How to give a city the slip without leaving: a sidle through Nottingham

‘The lights of the city. I go out in the dark, before bed, and look at that glow in the sky…the pulse of the recognition is unmistakable, and I know I have felt it again and again: the great buildings of civilisation; the meeting places; the libraries and theatres, the towers and domes; and often more moving than these, the houses, the streets, the press and excitement of so many people, with so many purposes…Like everyone else I have also felt the chaos of the metro and the traffic jam; the monotony of the ranks of houses; the aching press of strange crowds…’ Raymond Williams, The Country and the City

Going out, whether plunging headlong into the action of the streets and the winking lights of a Friday night, heady with potential, or into the sunlit early morning immanence of a row of marching brick-built houses, about to despatch their occupants out into the world – can be one of the most basic and exhilarating joys of city life.

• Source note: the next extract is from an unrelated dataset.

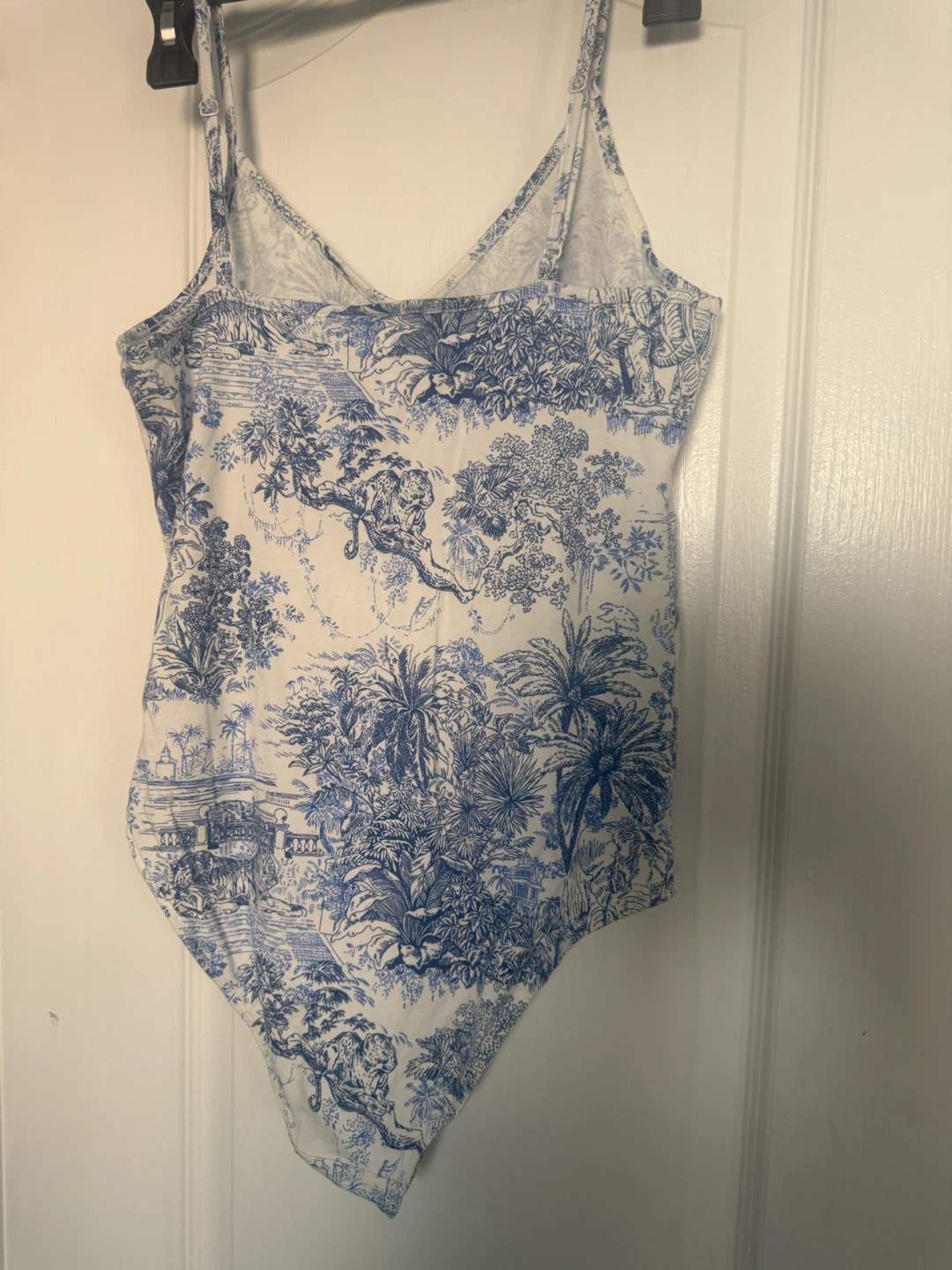 H&M Blue and White Toile Print Bodysuit - Size S - photo 2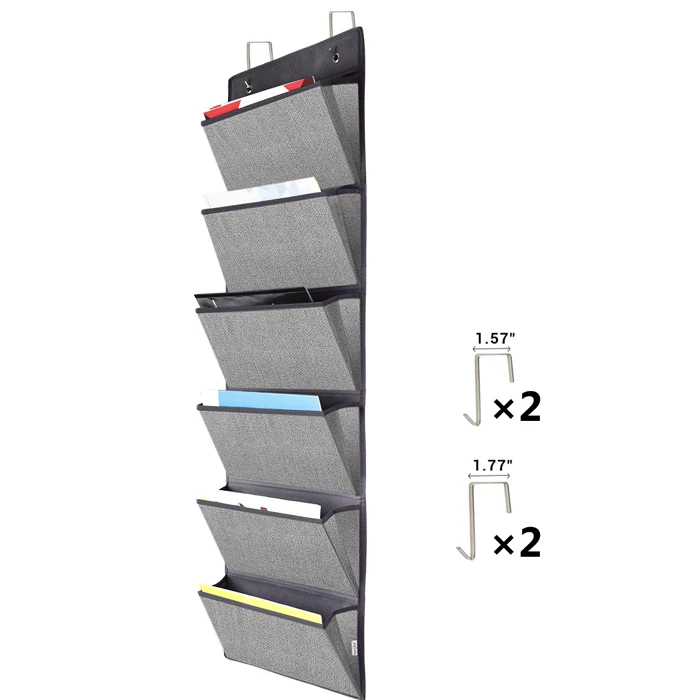 8MXDZ06C 6 Pockets Grey Onlyeasy Wall Mount Hanging File Folders 50 x 13 Over Door Hanging Storage Organizer Magazine Storage Holders for Notebooks Planners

This simple, life-affirming act doesn’t even require a particular purpose or destination, although it can help. When Virginia Woolf felt the call of the city, as famously described in her 1930 essay ‘Street Haunting: A London Adventure’, she gave herself the excuse of buying a pencil. This allowed her a framework of sorts, within which she could permit her ‘self’ the freedom to be ‘blown about at so many street corners, which has battered like a moth at the flame of so many inaccessible lanterns’. But sometimes, on some days, it’s better to avoid all that.

I recently went back to visit Nottingham, where I’d been a student in the early 1990s. Apart from conducting an audit of the pubs we used to go to, I wanted to retrace the steps of a walk I often took that deliberately skirted around – or through to be more exact – the city centre. Sometimes, being in the middle of a city and finding a way of evading other people, bustle, and noise, can be even more satisfying than putting yourself in the heart of the action. Town Hall

My initial impression, as I walked up from the station on a Saturday morning; through the Broadmarsh Centre, up Lister Gate, along Exchange Walk and into Old Market Square, was that the economic climate gifted to us by our beloved gambler-bankers was not being kind to the Queen of the East Midlands.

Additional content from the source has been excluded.